There are so many things to love about this island. On first sight of it you will notice that for the most part it is rocky and barren – not dissimilar to other islands of the southern Dodecanese. The thing that is striking is the miles and miles of abandoned terracing everywhere you look. Surely testament to the tenacity and optimism of the former inhabitants who may at least have once attempted to scratch out a living on this inhospitable land.
Sitting amongst this rocky landscape are a handful of villages that are like glistening gems – little oasis’s with whitewashed houses and churches – particularly in Agia Marina, the islands former capital. Derelict windmills scatter the landscape having once taken advantage of the refreshing breeze that constantly sweeps the island. The villages give a false impression of the rocky nature of the island as they have utilised what little fertile soil there is to grow olive, pomegranate, almond, prickly pear and fig trees. There is very little agriculture here and the island is mostly reliant on produce from Crete.
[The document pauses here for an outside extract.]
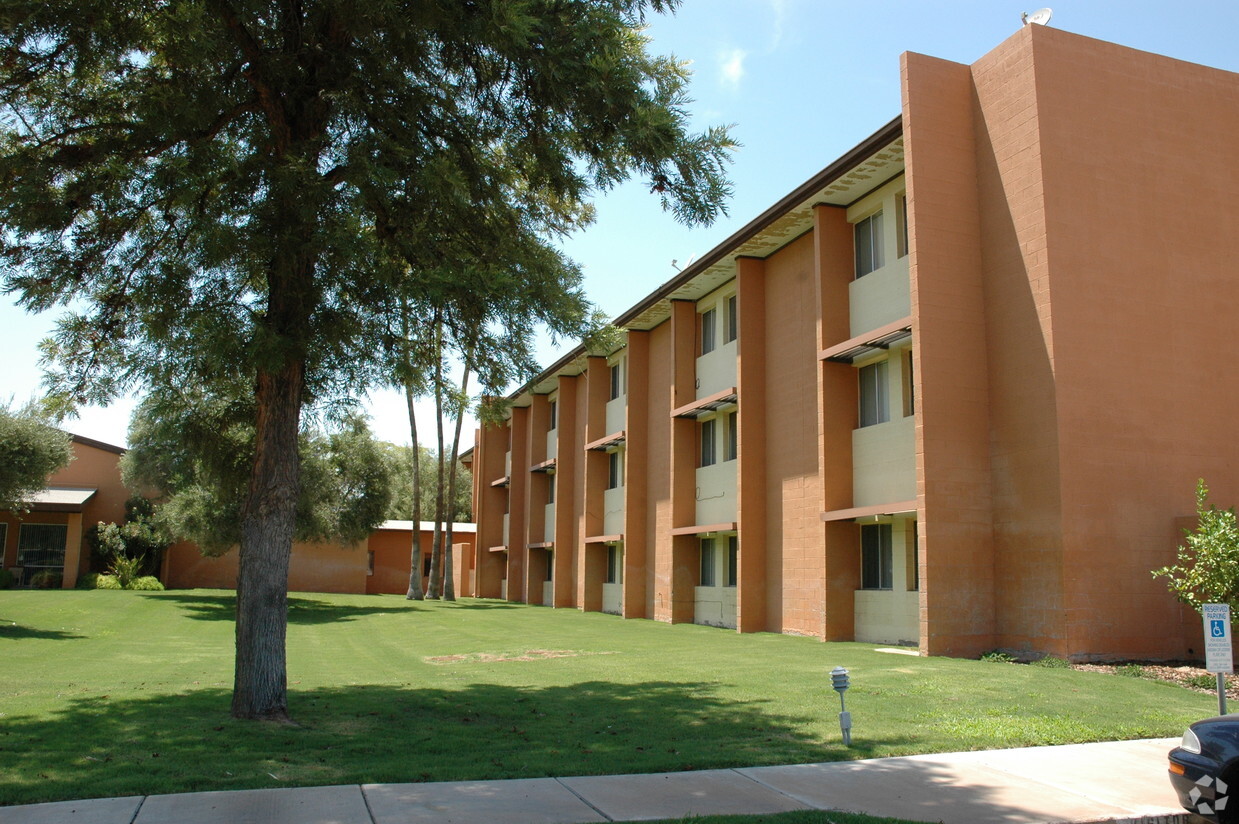 Foto del edificio - Paradise Valley Baptist Retirement Center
I don’t doubt that these challenges shape the character of the islands inhabitants!
The people of Kasos are very friendly – it gives the impression of being a close knit community where everyone knows each other. You will always be greeted in the street by strangers and even as an outsider made to feel very welcome.
Although you can walk to most villages on foot, the little island bus is a Godsend. The service is now reduced but still operates Monday to Friday, enabling people to get to and from Fri, the port village for shopping up until early afternoon. The man that drives the island bus I noticed, is also the same man that drives the fork lift truck that unloads the cargo from the ferries. He is also the same man who drives the articulated lorries with their either empty or full containers off or onto the ferry.
I really liked staying in a very traditional Kasiot house in Arvanitahori on my first night. I have absolutely loved staying in Mary’s House – the home of my host’s mama. It is also a traditional house with a pretty little courtyard with nothing but the lizards for company. No wifi, no aircon – but who needs it? You treat Mary’s house like it is your own – you empty the trash and you clean the house when needed. If you’re into boutique chic and like your luxuries – maybe this isn’t for you however, it has enabled me to have a truly authentic experience during my time on this little island. I must say a big thank you to my host at Mary’s Homes for showing me your beautiful island – in particular Helitros bay and taking me to the top of the mountain for the festival of Agias Mamas. Be assured I will be back!
A fantastic book was recommended to me that I highly recommend that you read if you plan to come to Kassos – a brilliant book written by Elias Kulukundis called The Feasts of Memory: A Journey to a Greek Island. In it he travels back to the island of his family and discovers the traditions and stories of this unique island. You can buy it here:
My time on Kasos is now at an end. After several timetable and ticket changes I leave on the Prevelis for Karpathos.